Top positive review
3 of 3 people found this helpful
on 16 March 2014
First published in 1965, Elizabeth Jane Howard's fourth novel 'After Julius' focuses on the family of Julius Grace, the story beginning twenty years after the death of Julius, who was shot and killed during the evacuation of troops from Dunkirk in 1940. Esme, Julius's widow, is fifty eight when we first meet her; she lives alone in Sussex and enjoys her comfortable home and pretty garden. She has two daughters living in a shared flat in London: the stunningly beautiful Cressida (Cressy), a concert pianist, who is in her late thirties; and the quietly attractive Emma, who is in her late twenties and works for the family firm of publishers. Cressy, who was widowed during the war after a very brief marriage, has a string of unsatisfactory relationships behind her and is, at present, involved in an unhappy affair with a married man; Emma, is very wary of men and has just begun a friendship with Daniel, a practically penniless poet who is published by Emma's firm, and who is from a rather different section of the social scale to the upper-middle-class Graces. In addition, we meet Doctor Felix King, a middle-aged man who, when he was in his twenties, had an affair with Esme whilst Julius was still alive, and now home from working abroad, wants to meet up with Esme whom he has not seen for twenty years. (No spoilers, we learn all of this fairly early on in the novel). One weekend, all of these characters, and a few additional extras (one of them a disastrous surprise for at least one member of the family) congregate at Esme's home where, at the dinner party from hell, some rather surprising home truths are revealed and where we learn more about what actually happened to Julius.
Beautifully written and with some wonderful descriptions of situation and setting, this novel is a pleasure to read.
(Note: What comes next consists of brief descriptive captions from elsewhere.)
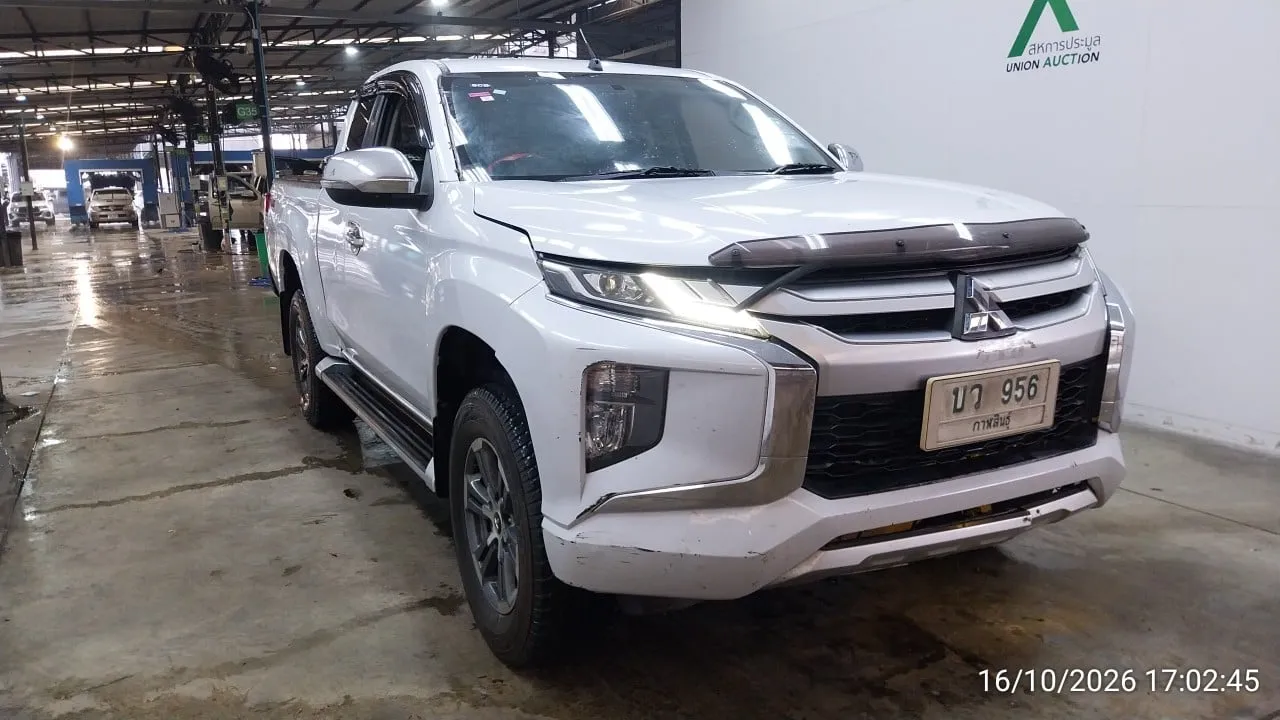 2020 Mitsubishi Triton – 2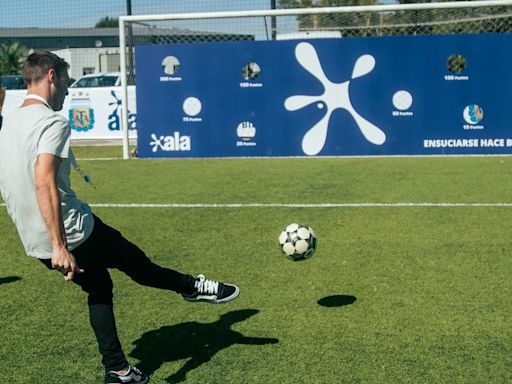 Así es el mega concurso para ganar la camiseta con las mejores manchas del mundo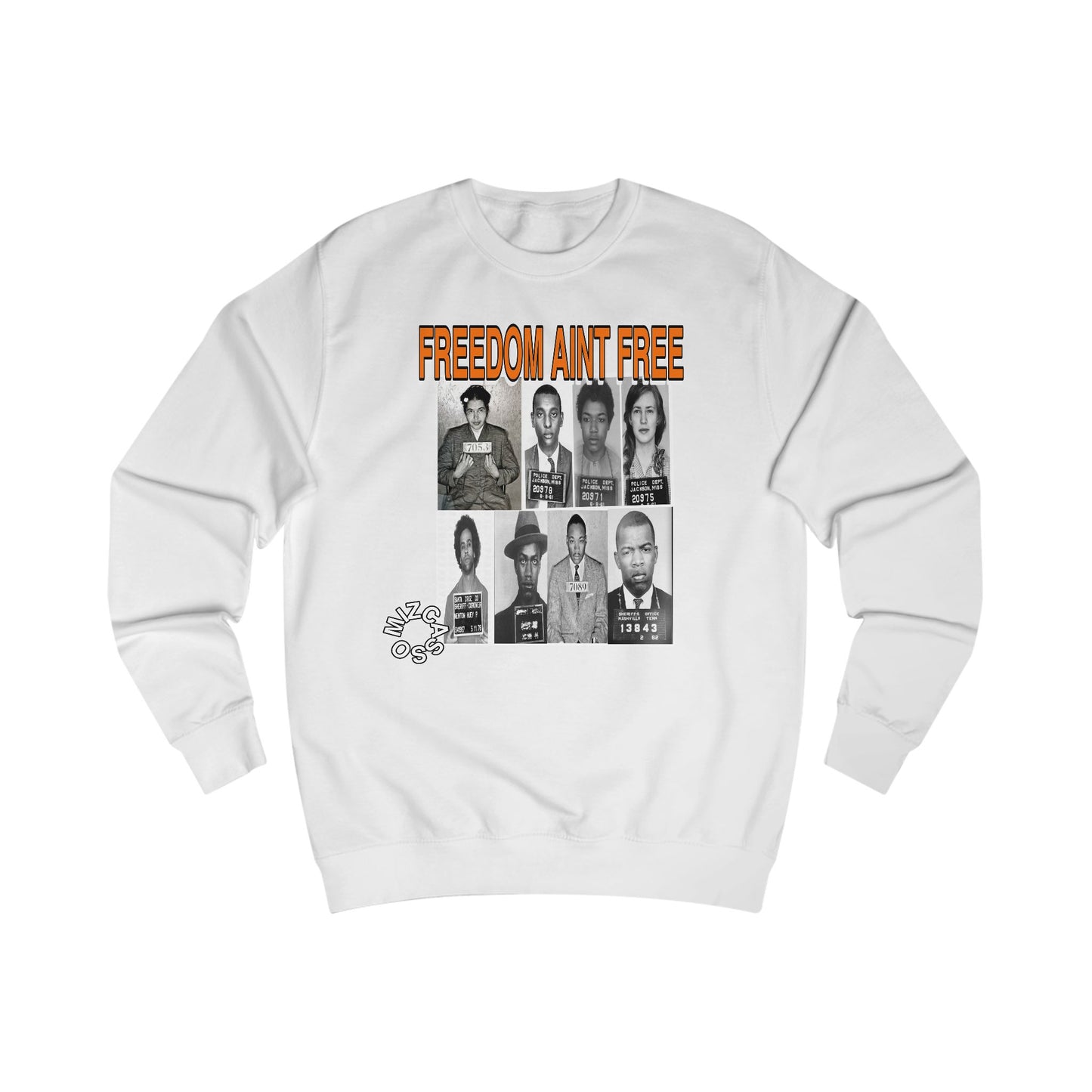 Freedom Ain't Free Unisex Sweatshirt - Statement Apparel for Activism and Awareness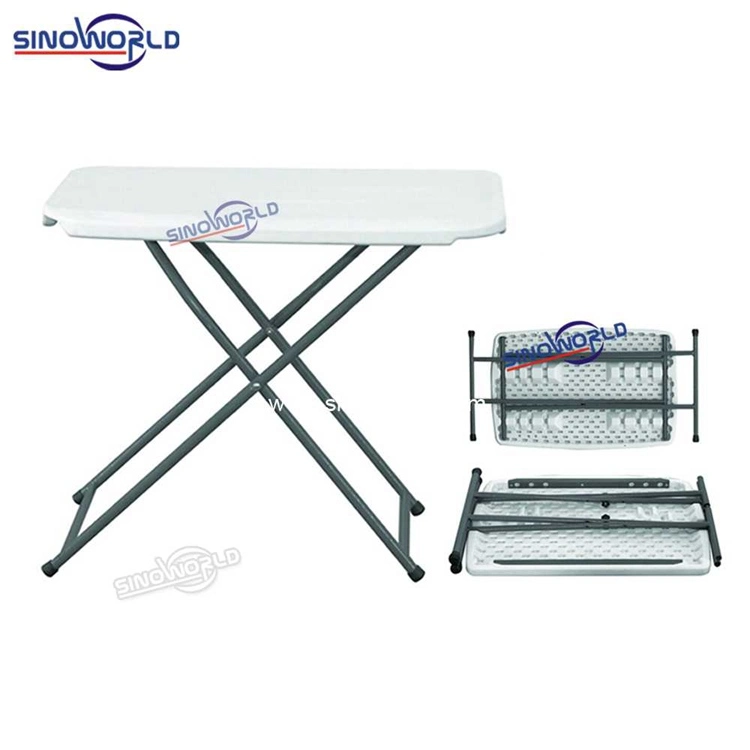 Strong and Durable Outdoor Folding 4 Seater Table for Picnic Plastic Table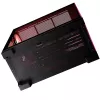 Caja de PC MODECOM Volcano SPACE APEX ARGB Midi Tower, cristal templado, USB-C, compatible con ATX/microATX/Mini-ITX, GPU hasta 430 mm, disipador de CPU hasta 180 mm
Elizabeth Jane Howard deftly contrasts the comfortable Grace family home, with the rather dilapidated London flat rented by the two girls with its leaky roof and bathroom painted the colour of tinned peas, and there are some lovely descriptions of the natural world. The author portrays her characters with sensitivity and although, with the amount of characters appearing in this book, it is difficult to get to know them particularly well, I very much enjoyed reading about all of them - even Esme's housekeeper's cowardly cat who was too scared to catch anything but butterflies. Written with perception, elegance and with a certain gentle irony, I found this novel an enjoyable and very entertaining read. Recommended.